La Sala IV, de lo Social,del Tribunal Supremo, mediante sentencia de 16 de noviembre de 2016, ha resuelto el recurso de casación para la unificación de doctrina interpuesto por la empresa demandada contra la sentencia dictada el 30 de enero de 2015 por la Sala de lo Social del TSJ de Madrid, interpuesto contra la sentencia de fecha 1 de julio de 2014, dictada por el Juzgado de lo Social nº 18 de los de Madrid, en autos núm. 71/2014.
La sentencia del TSJ de Madrid sostiene que la falta de permiso laboral no actúa como condición resolutoria y tiene en cuenta, además, que se desconoce cuál fue la fecha en que caducaron los indicados permisos y, por tanto, no consta si la trabajadora extranjera había solicitado o no su renovación en tiempo y forma.
El debate analizado en esta sentencia es el de las consecuencias de la extinción contractual ocasionada por la circunstancia de que el trabajador pierda – por falta de renovación- la necesaria autorización para trabajar. La sentencia recurrida entiende que este hecho no puede llevar aparejada aquella extinción porque el contrato de trabajo no estaba sometido de modo expreso a esa condición resolutoria que, no obstante, invoca la empresa con amparo en el art. 49.1 b) ET.
Recordemos que este artículo del ET establece que el contrato de trabajo se extinguirá:
“b) Por las causas consignadas válidamente en el contrato salvo que las mismas constituyan abuso de derecho manifiesto por parte del empresario.”
Concluye así con la afirmación de que la extinción del contrato ha de ser tratada como un despido improcedente, si bien, dada la imposibilidad de readmisión ante la situación irregular en la que se encuentra la actora, impone directamente la condena a la empresa al abono de la indemnización.
La Sala de lo Social del TS, mediante sentencias de 21 junio 2011 y 17 septiembre 2013, ya se había pronunciado en situaciones de similares características -carencia absoluta del permiso en el primer caso y no renovación en el segundo-. La respuesta que dio entonces fue la de reconocer a los demandantes el derecho a la indemnización por despido improcedente.
En la sentencia ahora dictada, el TS establece “no sería admisible que las partes del contrato previeran como causa válida de extinción del mismo el acaecimiento sobrevenido de una circunstancia atinente a la propia capacidad negocial de la parte trabajadora, la cual puede encajar en el apartado l) del mencionado art. 49 ET y, en suma, guarda visos de completa similitud con las que se prevén en el indicado art. 52 ET. El precepto legal sólo permite que las partes del contrato de trabajo puedan pactar causas de resolución del contrato distintas a las previstas por la ley.
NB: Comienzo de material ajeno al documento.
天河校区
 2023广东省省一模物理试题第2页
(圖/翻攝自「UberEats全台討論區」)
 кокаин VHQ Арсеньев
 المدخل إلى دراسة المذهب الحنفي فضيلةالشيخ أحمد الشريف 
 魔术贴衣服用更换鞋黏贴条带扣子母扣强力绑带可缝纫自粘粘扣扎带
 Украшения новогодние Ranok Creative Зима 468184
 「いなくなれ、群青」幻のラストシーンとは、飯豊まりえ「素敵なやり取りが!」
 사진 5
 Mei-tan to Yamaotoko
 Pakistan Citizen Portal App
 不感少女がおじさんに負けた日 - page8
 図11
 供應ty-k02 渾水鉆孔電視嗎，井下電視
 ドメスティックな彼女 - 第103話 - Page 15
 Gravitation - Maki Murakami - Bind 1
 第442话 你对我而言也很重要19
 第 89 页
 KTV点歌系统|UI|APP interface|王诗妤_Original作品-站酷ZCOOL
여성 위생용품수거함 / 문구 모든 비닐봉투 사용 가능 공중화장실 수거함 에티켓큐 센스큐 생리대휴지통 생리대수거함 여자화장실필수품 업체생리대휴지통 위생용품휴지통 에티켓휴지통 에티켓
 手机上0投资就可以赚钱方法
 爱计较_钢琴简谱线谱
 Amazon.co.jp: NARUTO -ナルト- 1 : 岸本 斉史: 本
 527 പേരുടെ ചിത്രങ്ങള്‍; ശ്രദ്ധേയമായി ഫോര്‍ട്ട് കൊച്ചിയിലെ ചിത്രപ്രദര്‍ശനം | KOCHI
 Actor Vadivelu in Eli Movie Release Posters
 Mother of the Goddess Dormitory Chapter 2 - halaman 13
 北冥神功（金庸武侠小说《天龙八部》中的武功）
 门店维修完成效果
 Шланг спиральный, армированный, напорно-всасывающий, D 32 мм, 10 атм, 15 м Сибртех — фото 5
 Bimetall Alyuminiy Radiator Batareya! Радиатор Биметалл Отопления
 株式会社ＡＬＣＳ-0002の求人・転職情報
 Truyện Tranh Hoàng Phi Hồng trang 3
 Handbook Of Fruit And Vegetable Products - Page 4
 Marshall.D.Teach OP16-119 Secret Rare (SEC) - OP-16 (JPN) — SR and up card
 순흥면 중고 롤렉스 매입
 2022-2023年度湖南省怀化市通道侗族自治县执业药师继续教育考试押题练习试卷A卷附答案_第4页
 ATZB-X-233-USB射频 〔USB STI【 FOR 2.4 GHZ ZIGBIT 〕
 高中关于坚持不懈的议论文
Además, resultaría cláusula abusiva aquélla que se apoyara en una circunstancia sobre cuya concurrencia no puede ejercer ninguna influencia la conducta del trabajador.”
Concluye la sentencia indicando que“no cabe duda de que la pérdida de la autorización para trabajar en España imposibilita la continuación del contrato de trabajo del extranjero. Tampoco puede negarse que estamos ante un supuesto en que la causa de la finalización del mismo es ajena a la empresa. Sin embargo, nuestro legislador ha querido dotar de un determinado marco de protección a los trabajadores cuyo contrato se extingue por la concurrencia de una causa legal y, como ya hemos expresado, los contornos de esa protección deben garantizarse también a los trabajadores extranjeros aun cuando carezcan de autorización para prestar servicios en España, pero, pese a ello, los han venido prestando efectivamente”.